Scanning large amounts of data can take large amounts of time, and can negatively affect performance when SI queries scan every document or entry in a table.

Querying large amounts of data by reading every document or entry in a table is expensive in time and performance. Aerospike secondary indexes guarantee faster response times because they provide efficient access to a wider range of data through fields other than the primary key.

Aerospike secondary indexes:

  • Are stored in the Dynamic Random Access Memory (DRAM) for fast look-up.
  • Are built on every node in the cluster and are co-located with the primary index. Each secondary index entry contains only references to records local to the node.
  • Contain pointers to both master records and replicated records in the node.
  • Are on a bin value, which allows to model one-to-many relationships.
  • Are specified bin-by-bin (such as, with Rational Database Management System (RDBMS) columns) for efficient updates and a minimal amount of resources required to store indexes. Use Aerospike tools or the API to dynamically create and remove indexes based on bins and data types. Index entries are type checked. For instance, a bin can store a user age as a string by one application, and as an integer by another. An integer index excludes records stored as a string, while a string index excludes records stored as integers.

Secondary Index Metadata

Secondary indexes triggered from SMD

Aerospike tracks which indexes are created in a globally-maintained data structure: the System Metadata (SMD) system. The SMD module resides in the middle of multiple secondary index modules on multiple nodes.

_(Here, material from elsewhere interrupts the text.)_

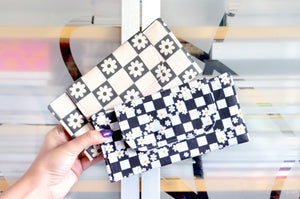 Black & White Floral Checker Wallet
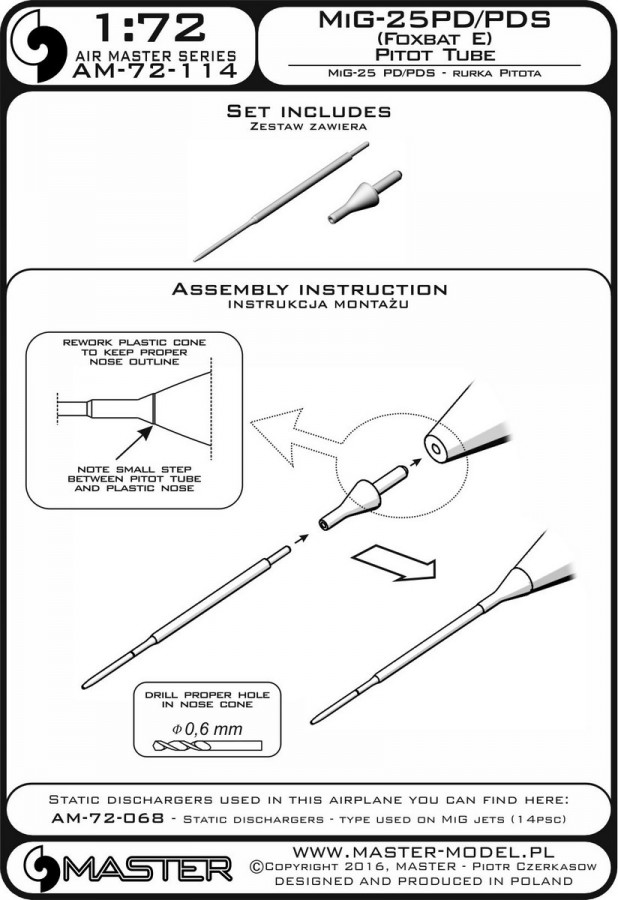 Master Model 1/72 MiG-25PD/PDS (Foxbat E) - Pitot Tube - AM72-114 Master Model 1/72 MiG-25PD/PDS (Foxbat E) - Pitot Tube - AM72-114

Changes made to the secondary index are always triggered from the SMD.

SMD workflow:

  1. An info request send from a client to any node forwards an SMD action, and then to the SMD principal node.
  2. From the SMD principal node, it forwards the action to every node, where the SMD module notifies the sindex module.
  3. All nodes apply the action, that is, it triggers the building of a new sindex.

Secondary Index Creation

You can dynamically create, read, and delete secondary indexes with the Aerospike asadm tool. To build a secondary index, specify a namespace, set, bin, container type (none, list, map-keys, and map-values), and data type (integer, string, Geospatial). On confirmation by the SMD, each node creates the secondary index in write-only (WO) mode, and starts a background scan to scan all data and insert entries in the secondary index.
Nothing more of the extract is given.